For the purposes of this guide, we will use ESXi (as opposed to vSphere) to denote the host-plus-management-center configuration in question.

Where possible, this guide covers implementation of the recommendations for environments that utilize vCenter to manage all hosts, as well as environments that do not.

Ensure that vCenter Server and ESXi hosts are running supported versions and are fully patched

Why it helps

Ensuring that all vCenter Servers and ESXi hosts are running supported versions of their respective software, and that they are patched regularly, will reduce the attack surface associated with known vulnerabilities for which a patch exists.

How to do it

When applying updates, it is recommended to first update vCenter Server (if an update is available), and then update the ESXi hosts. It is best that the management layer’s updates be fully in place before the hosts start updating.

At the time of writing (early August 2024), only vCenter Server / ESXi versions 7.0 and 8.0 are currently in support. Moreover, 7.0’s time is coming to an end, as VMware has announced that this version will reach end-of-life on April 2, 2025 and that they will provide no further updates. If you have not already upgraded to 8.0, you should use the time before April 2025 to plan and execute your upgrades. Moreover, VMware strongly recommends having vCenter Server on the same or higher version of the ESXi Host build number; in VMware’s own words, “connecting ESXi Host of a higher build number to vCenter Server may succeed but [is] not recommended.” If you are running a version that’s already out of support, your upgrade situation gets both more urgent and more complicated; in order to upgrade vCenter Server appliances prior to versions 6.7, you must first upgrade to version 6.7 or 7.0, and then upgrade to version 8.0.

While the vCenter process to upgrade versions is essentially a migration to a new instance, patching is straightforward. The patching process is done via the vCenter Server Management portal; the full instruction set is available on the VMware Docs site. (It is advised that you back up vCenter Server before installing any update or patch.)

To upgrade and patch ESXi hosts that are connected to vCenter, you’ll use the vSphere Lifecycle Manager. VMware has published an excellent video covering this multipart process; we’ve found that in this specific situation, it’s easiest to simply watch a video rather than reading the instructions step by step.
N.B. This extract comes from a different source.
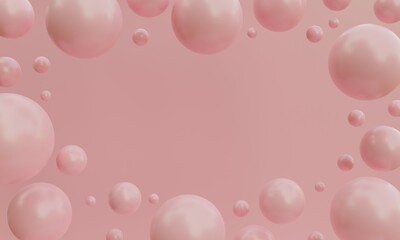 Abstract pink background. 3d pink rendering with colorful sphere balls.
To patch a standalone ESXi host via the web client, you’ll need to access the host via SSH (Secure Shell protocol). We will have more to say about proper SSH hygiene in a later section, but for now:

To patch a standalone ESXi host via the web client, you’ll need to access the host via SSH (Secure Shell protocol). We will have more to say about proper SSH hygiene in a later section, but for now:

  1. Select Host > Actions > Enter maintenance mode
  2. Expand Actions again, select Services > Enable Secure Shell (SSH)
  3. Access the host via SSH
  4. Run the following command to identify what current updates and VIBs are installed:
    esxcli software profile get
  5. Run the following command to allow webtraffic through the firewall:
    esxcli network firewall ruleset set -e true -r httpClient
  6. List the online update packages available to you (grep your version at the end for a faster response):
    esxcli software sources profile list -d https://hostupdate.vmware.com/software/VUM/PRODUCTION/main/vmw-depot-index.xml  | grep -i ESXi-7
  7. Identify the package you want to install (ideally the most recent) and insert the package name into the following command:
    esxcli software profile update -p PACKAGE-NAME -d https://hostupdate.vmware.com/software/VUM/PRODUCTION/main/vmw-depot-index.xml
  8. Reboot the host once the update is complete
  9. Verify that the installation was successful by running the following command again:
    esxcli software profile get
  10. If it was successful, run the below command to disable web traffic through the firewall:
    esxcli network firewall ruleset set -e false -r httpClient

Interim Mitigation Options

Running currently supported, fully patched software should always be the goal. That said, there are situations in which the newer version of the software requires upgrades to the hardware on which it’s running. Depending on timing and budget, this may not be something the enterprise can undertake right away. As an interim mitigation, consider running the management functions of the ESXi hosts on a separate network from the VMs on those hosts – ideally, setting up a separate network just for ESXi management. Depending on the resources at your disposal, this could be handled primarily via code, using VLANs and tagging, or even by deploying a combination of physical switches and routers. The goal in this situation is to limit the network exposure of the host until it can be upgraded. It should not be treated as a permanent or even a long-term alternative to upgrading.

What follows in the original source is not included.